After this soliloquy, which was interrupted with multiple bursts of applause, Obama remained in the oratorical zone:

Now, even as we speak, there are those who are preparing to divide us -- the spinmasters and negative ad peddlers who embrace the politics of anything goes. Well, I say to them tonight, there’s not a liberal America and a conservative America, there’s the United States of America. There’s not a black America and white America and Latino America and Asian America, there’s the United States of America. The pundits -- the pundits like to slice and dice our country into red states and blue states, red states for Republicans, blue states for Democrats. But I’ve got news for them, too. We worship an awesome God in the blue states, and we don’t like federal agents poking around our libraries in the red states. We coach Little League in the blue states and yes, we’ve got some gay friends in the red states. There are patriots who opposed the war in Iraq and there are patriots who supported the war in Iraq. We are one people, all of us pledging allegiance to the Stars and Stripes, all of us defending the United States of America.

Again, Obama was forced to stop repeatedly as the crowd thundered its approval. I know, I know -- some of you won’t like the "awesome God" line. But it worked perfectly in the broader context of Obama’s message.
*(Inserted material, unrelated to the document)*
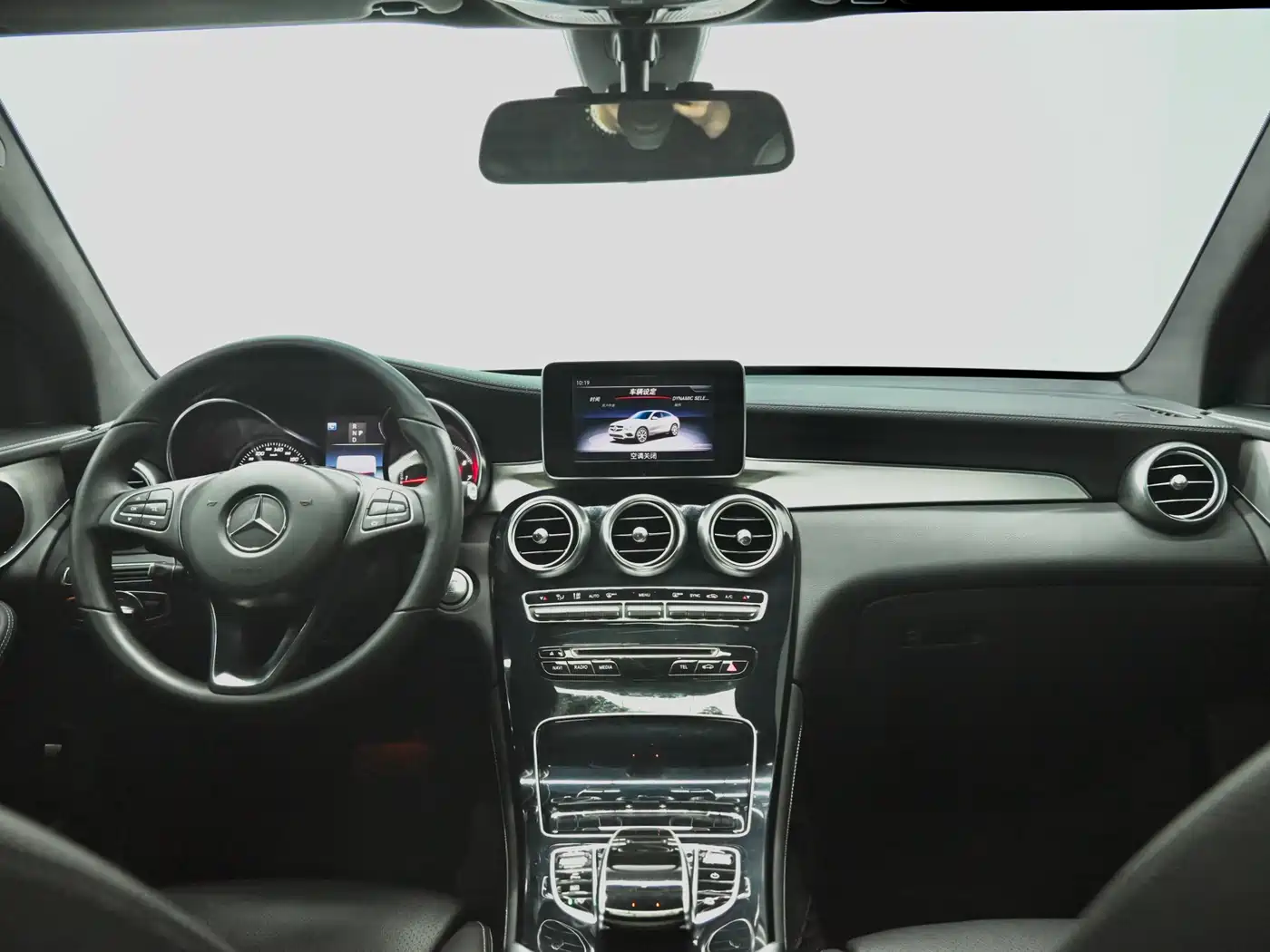 Mercedes-Benz GLC Coupe 2019 GLC 200 4MATIC Coupe SUV фото 9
It may sound hackneyed, but the atmosphere in the Fleet Center during Obama’s speech was truly electric -- one had the sense of watching a landmark political moment. The audience was buzzing for minutes after Obama pointed triumphantly at the crowd and exited stage right; poor Jim Langevin, the Rhode Island congressman forced to speak next about stem cell research, had a hard time getting anyone to listen to him.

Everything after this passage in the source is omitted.